Durar tantos años terminó dándole a Silvers algunos gustos muy raros, como el de aceptarles notas a jóvenes que se habían criado leyendo su revista. Así, Timothy Garton Ash encontró dónde hablar de su amada Europa oriental post comunismo, Mark Danner pudo publicar sus lapidarias investigaciones sobre las torturas en Guantánamo y en Abu Ghraib, y Michael Greenberg cubrir en serio fenómenos como el Parque Zuccotti y la ocupación de Wall Street. La red de contactos es tal, que a esta altura la Review encuentra periodistas egipcios para cubrir la caída de Mubarak llevándole solita la contra a toda la prensa internacional, y puede pensar el conflicto palestino desde los dos lados del muro. Ultimamente, hasta desarrolló la capacidad de saltar estereotipos en lo que escribe sobre China, y la de ser una de las mejores fuentes para entender la nueva ficción que sale de ese país. También, en tren aventuras, se dieron el gusto de fundar la London Review of Books y publicar por veinte años La Revista dei Libri, en Roma. Y desde marzo, hay una edición bimestral argentina.
A todo esto, la prensa que la rodea sigue tan mala o peor de lo que era hace medio siglo, con lo que a la historia de cómo hicieron se suma la de cómo hacen.

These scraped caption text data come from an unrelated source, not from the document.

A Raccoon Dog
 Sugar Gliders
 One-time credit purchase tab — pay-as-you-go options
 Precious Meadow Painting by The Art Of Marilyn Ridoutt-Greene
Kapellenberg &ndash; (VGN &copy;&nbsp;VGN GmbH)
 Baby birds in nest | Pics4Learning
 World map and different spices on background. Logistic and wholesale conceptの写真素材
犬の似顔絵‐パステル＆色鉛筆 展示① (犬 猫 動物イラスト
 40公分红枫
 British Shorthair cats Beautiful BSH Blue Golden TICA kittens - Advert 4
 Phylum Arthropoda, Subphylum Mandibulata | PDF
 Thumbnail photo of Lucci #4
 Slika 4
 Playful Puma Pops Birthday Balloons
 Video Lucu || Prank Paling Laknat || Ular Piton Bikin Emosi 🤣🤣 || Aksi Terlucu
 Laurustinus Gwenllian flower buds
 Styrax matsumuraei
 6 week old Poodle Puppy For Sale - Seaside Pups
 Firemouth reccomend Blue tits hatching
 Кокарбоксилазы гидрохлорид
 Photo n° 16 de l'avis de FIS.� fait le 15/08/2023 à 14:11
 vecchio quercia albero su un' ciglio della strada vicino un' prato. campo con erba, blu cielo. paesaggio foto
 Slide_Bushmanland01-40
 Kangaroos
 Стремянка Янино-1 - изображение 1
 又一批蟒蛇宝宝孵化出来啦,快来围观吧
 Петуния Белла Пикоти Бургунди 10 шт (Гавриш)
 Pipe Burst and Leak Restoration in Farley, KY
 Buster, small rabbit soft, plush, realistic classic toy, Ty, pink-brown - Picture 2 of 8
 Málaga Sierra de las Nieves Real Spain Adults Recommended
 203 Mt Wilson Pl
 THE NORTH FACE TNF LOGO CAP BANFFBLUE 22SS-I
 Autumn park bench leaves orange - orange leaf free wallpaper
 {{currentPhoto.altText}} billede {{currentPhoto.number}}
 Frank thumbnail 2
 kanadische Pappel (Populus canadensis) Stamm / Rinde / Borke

Scorsese le da el pie a Avitai Margalit, un ensayista israelí, que explica que la Review “es una revista cosmopolita que está anclada en una suerte de Europa de la mente”. Y todo esto desde una oficina que es uno de los más agradables desórdenes jamás vistos, una suerte de laberinto entre pilas de libros, con una diagramación completamente anticuada y casi sin fotos, y un archivo de 15.000 notas que valdría la pena releer todas.